「経済は共和党」との通説も、必ずしも現実に即したものではない
この点どちらかと言えば、米大統領選挙のたびごとに共和党路線への期待と傾斜を鮮明にしてきたわが国財界とは一線を画している。
「経済は共和党」との通説も、必ずしも現実に即したものではない。第2次大戦後の米国経済を振り返ってみても、ジョンソン、クリントン(2期目)、オバマ(2期目)各民主党政権下での成長ぶりは、多くの専門家の間でも高く評価されてきた。戦後の共和党政権で評判になったのは、“レガノミックス”で知られたレーガン政権(1期目)程度であり、21世紀に入り、トランプ現政権の総合的実績についても、大幅減税による景気押上げ効果があった一方、経済格差拡大などのマイナス面もあり、現段階では評価が分かれている状態だ。
ただ、来年以降の米国経済の行方について、上記のようなウォール街における「バイデン期待論」の多くは、バイデン勝利のみならず、民主党が下院での議席増に加え、上院でも多数奪回が実現することを前提としたものだ。しかし、もし、苦戦が伝えられる共和党が上院で現状(共和53人、民主47人)を保持するか、辛うじて過半数を死守する結果となった場合、議会の“股裂き状態”が現出するだけに、バイデン新政権の経済政策が思い通り実現できるかどうか先行き不透明となる。
米議会の専門家の間では、上院の明暗は大統領選の結果次第として、もしトランプ大統領が大差で敗退した場合、共和党は上院も民主党に多数支配を奪われ、小差の場合は過半数議席を維持できる―とのリンケージ論まで出ている。
その大統領選の最新情勢だが、NBC News(10月15日)によると、全米有権者を対象とした世論調査では、「バイデン支持」50.1%、「トランプ支持」41.2%で、バイデン氏が9%以上のリードを保っている。
翌16日のCNN最新世論調査では「バイデン支持」53.1%に対し、「トランプ支持」42%で、バイデン氏のリードは11%に開いている。

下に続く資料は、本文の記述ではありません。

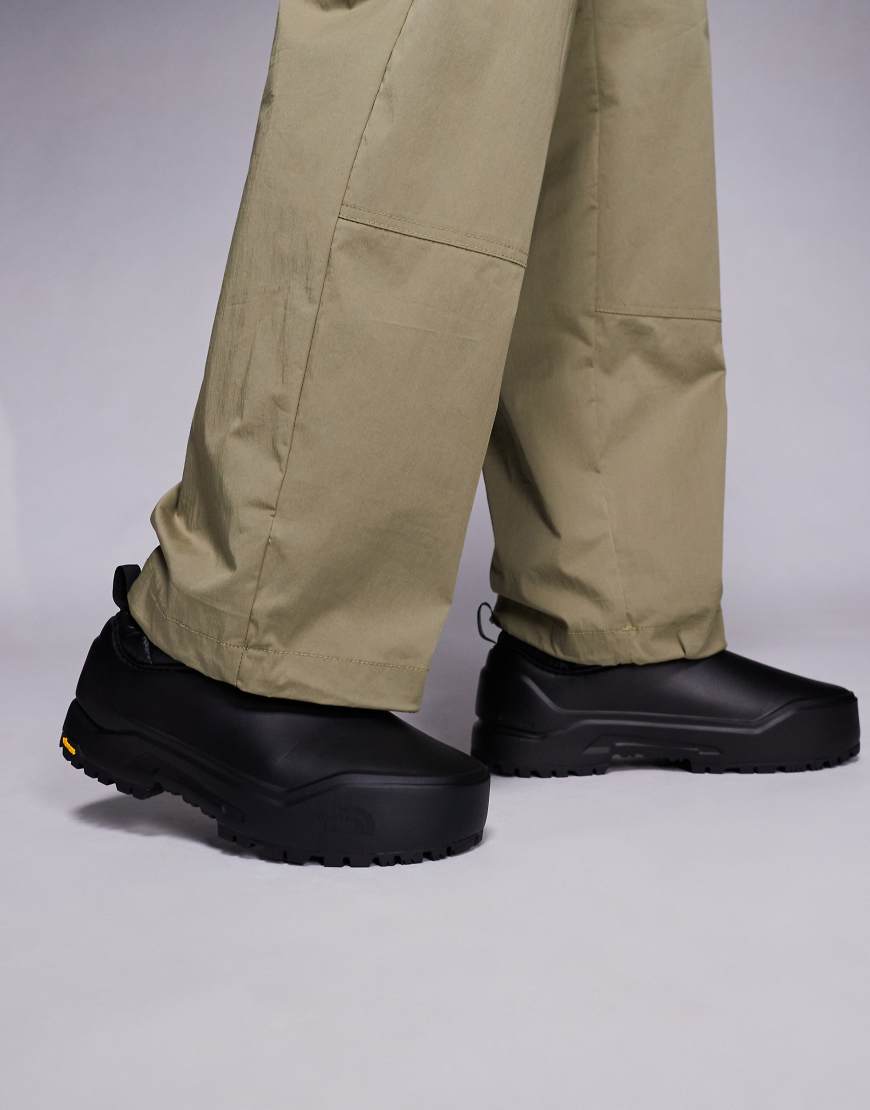 The North Face - Base Camp WP - Mules in Schwarz von The North Face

ただ、米大統領選では、全米得票数ではなく州ごとに割り当てられた選挙人数の合計獲得数で勝敗が決まる。中でも今回は、明暗を分ける最重要州として注視されているのが、接戦が続くフロリダ、ペンシルバニア、ミシガン、ウイスコンシン、アリゾナ、ノースカロライナ6州の趨勢だ。
ニューヨークタイムズ紙が16日までに各世論調査結果をまとめた総合評価によると、バイデン候補がフロリダ州で4%、ペンシルバニア州で8%、ミシガン州で9%、ウイスコンシン州で9%、アリゾナ州で5%、ノースカロライナ州で3%と、いずれの州でもトランプ氏をリードしている。
また最近、選挙人獲得レースに特化した調査ウェブとして脚光を浴び始めた「270towin.com」の分析結果によると、当選には選挙人270人以上の獲得が必要だが、16日時点で、バイデン氏はすでに257人に達しているのに対し、トランプ氏は132人にとどまっている。数字の上では、バイデン氏にとっては11月3日の投票日までにあと13人のみの選挙人を獲得するだけですむことになる。
これに対し、窮地に追い込まれたトランプ氏が再選を果たすためには、まだ138人の選挙人を必要しており、このため「270towin.com」は「トランプ氏はテキサス、フロリダ、ペンシルバニア、オハイオ、ジョージア、ノースカロライナの6州すべてで勝利することが絶対条件」と分析している。
いずれにしても、トランプ氏の再選への道は一層厳しくなりつつある。